== Task instructions ==
Every line of the records below that holds the word "Statue" belongs in the answer.

○ ○ ○ ○ ○

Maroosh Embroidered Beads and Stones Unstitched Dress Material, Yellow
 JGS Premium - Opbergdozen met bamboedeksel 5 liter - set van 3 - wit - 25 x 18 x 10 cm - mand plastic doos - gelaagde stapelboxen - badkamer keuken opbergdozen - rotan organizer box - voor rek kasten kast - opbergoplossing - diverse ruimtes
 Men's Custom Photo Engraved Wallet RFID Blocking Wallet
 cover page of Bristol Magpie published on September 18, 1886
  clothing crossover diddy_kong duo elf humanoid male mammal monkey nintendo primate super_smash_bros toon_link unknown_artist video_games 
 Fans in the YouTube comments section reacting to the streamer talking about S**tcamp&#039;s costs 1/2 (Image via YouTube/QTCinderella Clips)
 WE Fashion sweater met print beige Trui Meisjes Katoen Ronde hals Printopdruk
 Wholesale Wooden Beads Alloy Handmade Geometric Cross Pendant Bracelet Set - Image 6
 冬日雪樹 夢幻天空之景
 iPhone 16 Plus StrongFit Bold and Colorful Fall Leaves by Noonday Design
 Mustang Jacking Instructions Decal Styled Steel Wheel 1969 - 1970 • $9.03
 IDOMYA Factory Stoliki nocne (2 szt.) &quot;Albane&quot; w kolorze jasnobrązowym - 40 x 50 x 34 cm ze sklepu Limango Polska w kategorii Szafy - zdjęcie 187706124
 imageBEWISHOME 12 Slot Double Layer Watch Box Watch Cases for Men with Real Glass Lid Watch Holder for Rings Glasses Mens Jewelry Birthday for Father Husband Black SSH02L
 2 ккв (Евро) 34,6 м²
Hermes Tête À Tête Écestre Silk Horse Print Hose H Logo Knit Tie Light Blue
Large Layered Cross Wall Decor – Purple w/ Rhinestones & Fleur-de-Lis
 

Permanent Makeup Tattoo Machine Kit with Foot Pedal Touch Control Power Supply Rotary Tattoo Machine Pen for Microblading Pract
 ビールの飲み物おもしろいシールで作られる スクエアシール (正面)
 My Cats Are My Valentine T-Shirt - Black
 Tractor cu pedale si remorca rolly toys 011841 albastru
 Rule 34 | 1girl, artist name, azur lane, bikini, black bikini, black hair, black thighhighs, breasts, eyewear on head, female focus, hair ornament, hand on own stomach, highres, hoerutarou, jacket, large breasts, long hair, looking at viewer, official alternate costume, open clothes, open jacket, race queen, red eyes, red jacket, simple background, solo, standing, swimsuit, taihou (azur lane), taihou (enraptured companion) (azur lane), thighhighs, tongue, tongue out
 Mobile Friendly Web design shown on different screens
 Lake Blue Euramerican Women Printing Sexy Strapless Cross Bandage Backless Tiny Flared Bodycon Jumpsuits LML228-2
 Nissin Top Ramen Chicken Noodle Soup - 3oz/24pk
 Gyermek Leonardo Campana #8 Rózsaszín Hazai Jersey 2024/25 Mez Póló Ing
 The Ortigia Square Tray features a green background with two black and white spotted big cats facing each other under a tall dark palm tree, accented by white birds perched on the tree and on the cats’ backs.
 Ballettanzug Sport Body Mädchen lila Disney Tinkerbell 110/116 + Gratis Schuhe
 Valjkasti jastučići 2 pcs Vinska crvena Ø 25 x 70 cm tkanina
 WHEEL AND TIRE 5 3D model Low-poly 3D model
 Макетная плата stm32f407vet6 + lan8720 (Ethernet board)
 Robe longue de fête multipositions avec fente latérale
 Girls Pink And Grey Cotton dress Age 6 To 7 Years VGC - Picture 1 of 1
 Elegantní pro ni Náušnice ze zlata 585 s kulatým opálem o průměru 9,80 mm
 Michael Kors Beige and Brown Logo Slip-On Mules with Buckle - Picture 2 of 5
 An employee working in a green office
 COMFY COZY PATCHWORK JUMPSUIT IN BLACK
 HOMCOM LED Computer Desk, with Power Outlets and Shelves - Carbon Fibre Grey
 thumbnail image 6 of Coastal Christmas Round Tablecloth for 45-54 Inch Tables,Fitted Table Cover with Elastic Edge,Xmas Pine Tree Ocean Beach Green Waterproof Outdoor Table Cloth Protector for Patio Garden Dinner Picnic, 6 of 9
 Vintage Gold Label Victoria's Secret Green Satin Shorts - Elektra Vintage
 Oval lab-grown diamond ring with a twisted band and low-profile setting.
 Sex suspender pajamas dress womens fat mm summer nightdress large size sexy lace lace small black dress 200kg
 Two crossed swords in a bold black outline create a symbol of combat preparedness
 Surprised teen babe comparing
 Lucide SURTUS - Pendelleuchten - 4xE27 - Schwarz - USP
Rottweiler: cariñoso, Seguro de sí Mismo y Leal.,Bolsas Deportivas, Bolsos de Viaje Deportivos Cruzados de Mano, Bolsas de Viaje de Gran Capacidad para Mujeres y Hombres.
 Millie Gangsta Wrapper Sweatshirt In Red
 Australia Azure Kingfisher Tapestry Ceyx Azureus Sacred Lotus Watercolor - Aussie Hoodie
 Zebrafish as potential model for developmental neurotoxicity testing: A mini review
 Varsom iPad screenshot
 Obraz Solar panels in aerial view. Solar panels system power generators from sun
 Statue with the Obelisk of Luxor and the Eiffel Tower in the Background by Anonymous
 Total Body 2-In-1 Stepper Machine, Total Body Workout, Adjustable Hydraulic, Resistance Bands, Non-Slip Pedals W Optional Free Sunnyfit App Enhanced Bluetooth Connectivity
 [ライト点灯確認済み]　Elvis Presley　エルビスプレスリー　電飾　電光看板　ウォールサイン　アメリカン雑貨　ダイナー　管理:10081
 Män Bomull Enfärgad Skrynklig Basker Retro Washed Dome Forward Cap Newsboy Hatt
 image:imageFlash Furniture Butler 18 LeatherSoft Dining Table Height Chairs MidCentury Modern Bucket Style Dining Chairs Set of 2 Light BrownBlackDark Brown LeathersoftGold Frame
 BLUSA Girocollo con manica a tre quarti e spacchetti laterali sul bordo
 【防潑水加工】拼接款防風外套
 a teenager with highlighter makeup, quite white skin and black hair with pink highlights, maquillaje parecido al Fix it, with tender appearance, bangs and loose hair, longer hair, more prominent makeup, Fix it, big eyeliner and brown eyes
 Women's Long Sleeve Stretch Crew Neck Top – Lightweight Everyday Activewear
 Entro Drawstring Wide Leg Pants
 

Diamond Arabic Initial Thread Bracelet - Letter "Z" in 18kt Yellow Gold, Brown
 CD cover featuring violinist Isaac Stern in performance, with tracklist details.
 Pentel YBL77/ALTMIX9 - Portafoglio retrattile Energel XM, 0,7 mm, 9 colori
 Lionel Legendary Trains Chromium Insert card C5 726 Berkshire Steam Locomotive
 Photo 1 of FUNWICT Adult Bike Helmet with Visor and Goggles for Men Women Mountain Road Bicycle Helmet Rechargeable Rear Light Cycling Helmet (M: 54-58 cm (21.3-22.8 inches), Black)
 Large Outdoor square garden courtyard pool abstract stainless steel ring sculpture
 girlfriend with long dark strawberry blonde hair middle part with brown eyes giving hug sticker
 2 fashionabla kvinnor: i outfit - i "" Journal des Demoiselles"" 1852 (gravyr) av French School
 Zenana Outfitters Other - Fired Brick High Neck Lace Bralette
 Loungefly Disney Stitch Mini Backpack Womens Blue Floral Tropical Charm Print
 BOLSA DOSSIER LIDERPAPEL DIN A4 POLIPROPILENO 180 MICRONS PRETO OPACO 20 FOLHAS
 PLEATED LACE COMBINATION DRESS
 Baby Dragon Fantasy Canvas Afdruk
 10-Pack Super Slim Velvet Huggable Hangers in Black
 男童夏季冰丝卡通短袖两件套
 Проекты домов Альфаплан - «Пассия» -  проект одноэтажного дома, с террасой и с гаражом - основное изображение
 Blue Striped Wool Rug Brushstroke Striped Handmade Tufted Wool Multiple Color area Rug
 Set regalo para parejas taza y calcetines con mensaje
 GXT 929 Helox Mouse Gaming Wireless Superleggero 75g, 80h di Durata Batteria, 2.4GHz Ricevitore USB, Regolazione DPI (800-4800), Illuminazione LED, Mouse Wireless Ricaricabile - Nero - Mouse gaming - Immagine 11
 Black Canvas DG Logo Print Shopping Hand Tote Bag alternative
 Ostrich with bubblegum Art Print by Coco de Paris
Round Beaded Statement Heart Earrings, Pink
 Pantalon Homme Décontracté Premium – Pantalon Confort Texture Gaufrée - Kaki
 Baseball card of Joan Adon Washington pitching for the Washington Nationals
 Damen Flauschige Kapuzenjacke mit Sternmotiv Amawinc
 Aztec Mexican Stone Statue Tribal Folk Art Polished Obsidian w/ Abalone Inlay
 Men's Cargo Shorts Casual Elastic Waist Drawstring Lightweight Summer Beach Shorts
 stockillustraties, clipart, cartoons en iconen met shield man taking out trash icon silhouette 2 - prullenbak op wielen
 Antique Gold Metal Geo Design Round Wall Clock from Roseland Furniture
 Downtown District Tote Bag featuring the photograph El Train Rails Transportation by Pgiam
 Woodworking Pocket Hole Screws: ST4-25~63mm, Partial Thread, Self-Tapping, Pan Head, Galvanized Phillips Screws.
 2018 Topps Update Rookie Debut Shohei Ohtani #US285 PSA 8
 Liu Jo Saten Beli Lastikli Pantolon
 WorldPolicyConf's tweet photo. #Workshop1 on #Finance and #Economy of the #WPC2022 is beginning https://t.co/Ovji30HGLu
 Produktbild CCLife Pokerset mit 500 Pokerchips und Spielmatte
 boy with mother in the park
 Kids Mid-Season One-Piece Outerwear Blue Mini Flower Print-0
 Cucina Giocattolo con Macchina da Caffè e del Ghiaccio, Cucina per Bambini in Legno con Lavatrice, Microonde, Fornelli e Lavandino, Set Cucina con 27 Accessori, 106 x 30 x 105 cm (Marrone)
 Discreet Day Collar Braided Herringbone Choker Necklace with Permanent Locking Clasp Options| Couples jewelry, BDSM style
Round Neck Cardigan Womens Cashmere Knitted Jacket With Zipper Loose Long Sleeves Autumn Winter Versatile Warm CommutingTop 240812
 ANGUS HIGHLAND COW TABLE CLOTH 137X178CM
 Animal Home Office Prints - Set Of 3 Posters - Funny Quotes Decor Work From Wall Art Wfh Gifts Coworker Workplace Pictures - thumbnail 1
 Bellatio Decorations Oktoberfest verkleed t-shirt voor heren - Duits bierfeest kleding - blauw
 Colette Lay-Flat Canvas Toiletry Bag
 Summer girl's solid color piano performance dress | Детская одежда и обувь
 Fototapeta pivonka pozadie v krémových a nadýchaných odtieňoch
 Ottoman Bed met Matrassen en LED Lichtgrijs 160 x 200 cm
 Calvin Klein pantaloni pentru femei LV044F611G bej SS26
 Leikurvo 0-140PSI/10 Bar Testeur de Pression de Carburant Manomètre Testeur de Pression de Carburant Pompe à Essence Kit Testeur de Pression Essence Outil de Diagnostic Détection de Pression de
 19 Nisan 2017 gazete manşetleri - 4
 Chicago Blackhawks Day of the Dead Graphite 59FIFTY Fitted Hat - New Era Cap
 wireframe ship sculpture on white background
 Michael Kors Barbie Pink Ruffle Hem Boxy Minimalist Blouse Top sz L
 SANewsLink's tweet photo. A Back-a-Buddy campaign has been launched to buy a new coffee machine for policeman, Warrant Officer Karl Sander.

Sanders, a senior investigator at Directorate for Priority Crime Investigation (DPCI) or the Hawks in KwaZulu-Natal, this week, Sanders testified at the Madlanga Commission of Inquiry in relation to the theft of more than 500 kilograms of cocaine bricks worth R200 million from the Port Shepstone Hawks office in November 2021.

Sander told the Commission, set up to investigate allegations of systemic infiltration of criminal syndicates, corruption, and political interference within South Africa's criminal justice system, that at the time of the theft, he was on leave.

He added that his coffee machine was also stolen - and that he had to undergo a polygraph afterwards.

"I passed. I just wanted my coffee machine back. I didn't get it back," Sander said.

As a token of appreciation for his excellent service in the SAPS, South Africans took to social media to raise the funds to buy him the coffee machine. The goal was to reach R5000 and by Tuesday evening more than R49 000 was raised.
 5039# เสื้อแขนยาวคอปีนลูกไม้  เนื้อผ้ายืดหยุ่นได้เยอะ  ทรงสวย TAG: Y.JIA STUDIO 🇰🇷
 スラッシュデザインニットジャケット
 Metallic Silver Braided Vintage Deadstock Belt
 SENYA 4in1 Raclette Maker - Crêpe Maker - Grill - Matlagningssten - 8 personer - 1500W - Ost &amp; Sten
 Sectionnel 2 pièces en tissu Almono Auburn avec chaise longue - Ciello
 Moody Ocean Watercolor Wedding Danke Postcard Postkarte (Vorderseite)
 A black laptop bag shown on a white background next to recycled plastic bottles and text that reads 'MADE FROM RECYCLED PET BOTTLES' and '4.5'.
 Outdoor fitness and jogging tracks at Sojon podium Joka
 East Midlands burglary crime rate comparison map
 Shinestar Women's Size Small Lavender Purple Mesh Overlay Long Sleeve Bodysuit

○ ○ ○ ○ ○

== Solution to this exercise ==
 Statue with the Obelisk of Luxor and the Eiffel Tower in the Background by Anonymous
 Aztec Mexican Stone Statue Tribal Folk Art Polished Obsidian w/ Abalone Inlay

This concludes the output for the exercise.